Dom. Ago 16th, 2026

Latinoamérica pierde sus bosques a un ritmo alarmante: ¿Bolivia está preparada para gestionar los recursos verdes con transparencia?

América Latina vive una de las peores crisis de deforestación en décadas: selvas arrasadas, comunidades desplazadas y un futuro climático incierto. En Bolivia, la pérdida de bosque avanza al mismo ritmo, mientras se anuncian emisiones de bonos verdes y financiamientos climáticos millonarios. La gran pregunta es si el país está listo para manejar estos recursos con la transparencia y la gobernanza que exige la comunidad internacional.

En 2024, la Amazonía y otros ecosistemas clave de América Latina sufrieron un deterioro sin precedentes: incendios forestales descontrolados, tala ilegal y expansión agrícola sin planificación.

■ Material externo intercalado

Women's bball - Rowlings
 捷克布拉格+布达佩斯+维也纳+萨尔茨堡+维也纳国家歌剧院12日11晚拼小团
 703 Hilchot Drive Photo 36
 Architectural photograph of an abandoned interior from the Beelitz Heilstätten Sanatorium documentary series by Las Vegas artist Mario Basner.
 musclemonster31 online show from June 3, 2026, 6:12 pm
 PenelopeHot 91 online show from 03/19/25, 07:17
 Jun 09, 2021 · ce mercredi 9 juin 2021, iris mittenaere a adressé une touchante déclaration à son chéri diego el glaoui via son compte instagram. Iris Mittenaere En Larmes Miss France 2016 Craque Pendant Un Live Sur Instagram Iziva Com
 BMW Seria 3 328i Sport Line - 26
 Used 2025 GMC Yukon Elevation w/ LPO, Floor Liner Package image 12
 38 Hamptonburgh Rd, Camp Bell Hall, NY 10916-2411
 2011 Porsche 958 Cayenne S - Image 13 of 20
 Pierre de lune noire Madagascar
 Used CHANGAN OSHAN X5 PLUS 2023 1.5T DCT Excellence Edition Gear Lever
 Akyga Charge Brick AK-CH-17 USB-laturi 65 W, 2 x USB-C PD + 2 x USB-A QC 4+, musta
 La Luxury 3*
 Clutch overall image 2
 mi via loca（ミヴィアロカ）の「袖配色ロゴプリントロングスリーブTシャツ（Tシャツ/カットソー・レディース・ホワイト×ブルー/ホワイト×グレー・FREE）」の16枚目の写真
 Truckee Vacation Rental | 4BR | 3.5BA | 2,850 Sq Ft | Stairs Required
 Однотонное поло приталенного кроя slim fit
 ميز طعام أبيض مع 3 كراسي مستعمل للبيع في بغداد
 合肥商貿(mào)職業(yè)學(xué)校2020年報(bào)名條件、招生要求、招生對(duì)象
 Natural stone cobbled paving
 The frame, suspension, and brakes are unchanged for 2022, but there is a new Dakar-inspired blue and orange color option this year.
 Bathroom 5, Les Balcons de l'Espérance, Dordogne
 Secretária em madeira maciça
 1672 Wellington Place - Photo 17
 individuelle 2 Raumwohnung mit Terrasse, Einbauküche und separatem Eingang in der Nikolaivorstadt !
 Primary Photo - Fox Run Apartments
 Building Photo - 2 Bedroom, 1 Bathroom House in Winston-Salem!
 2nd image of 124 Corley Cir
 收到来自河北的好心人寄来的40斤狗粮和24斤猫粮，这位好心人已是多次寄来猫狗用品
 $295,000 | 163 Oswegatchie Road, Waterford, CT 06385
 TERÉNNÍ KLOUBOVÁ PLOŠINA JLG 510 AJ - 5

Según reportes internacionales, la región concentra más del 40% de la pérdida de bosques tropicales a nivel global, lo que compromete no solo la biodiversidad, sino también la capacidad de capturar carbono y regular el clima.

Los efectos no son locales: la destrucción de la selva amazónica amenaza los llamados “ríos voladores”, corrientes de humedad que generan lluvias en todo el continente. Una alteración en ese sistema afecta la agricultura, la seguridad hídrica y la energía en países como Perú, Argentina, Brasil y Bolivia.

Bolivia: entre incendios y deforestación

Bolivia aparece cada vez con más frecuencia en los mapas de deforestación. Informes satelitales advierten que en 2024 el país concentró una de las tasas más altas de pérdida de bosques amazónicos fuera de Brasil. Los incendios en la Chiquitanía y el norte amazónico devastaron cientos de miles de hectáreas, mientras que la expansión de la frontera agrícola, la ganadería extensiva y los asentamientos humanos siguen avanzando sin una estrategia clara de control.

A esta presión se suma el impacto de la minería aurífera —formal e informal— que degrada ríos, contamina con mercurio y genera conflictos con comunidades indígenas. La ecuación es compleja: necesidad de divisas vs. protección ambiental.

Llegan los recursos verdes, pero falta confianza

Ante esta crisis, surgen oportunidades financieras. Organismos multilaterales y bancos de desarrollo anuncian fondos climáticos, créditos blandos e incluso bonos verdes certificados para canalizar recursos hacia proyectos de conservación y transición energética.

Bolivia no ha quedado al margen: en 2025 el Banco de Desarrollo Productivo realizó su primera emisión de bonos verdes certificados, un paso inédito en el país. También se han planteado accesos a financiamientos internacionales a través del Fondo Verde para el Clima.

Sin embargo, el desafío no es el acceso al dinero, sino cómo se usa. Expertos advierten que, sin mecanismos de monitoreo y auditoría independiente, estos recursos corren el riesgo de convertirse en una caja opaca. El fantasma del greenwashing (maquillar proyectos contaminantes como “sostenibles”) está presente si no se garantiza participación comunitaria, indicadores claros y reportes públicos.

El reto de la transparencia

La clave está en la gobernanza. Mientras otros países de la región trabajan en fortalecer marcos regulatorios para garantizar trazabilidad y control de los recursos verdes, en Bolivia los sistemas de fiscalización son débiles y dispersos. La falta de coordinación entre niveles de gobierno, las tensiones entre desarrollo económico y conservación, y la ausencia de una política nacional clara sobre financiamiento climático abren una brecha de credibilidad.

En palabras de un analista regional: “Los recursos verdes pueden ser una oportunidad histórica para Bolivia, pero si no se manejan con transparencia, se convertirán en otra deuda social y ambiental que las futuras generaciones deberán pagar”.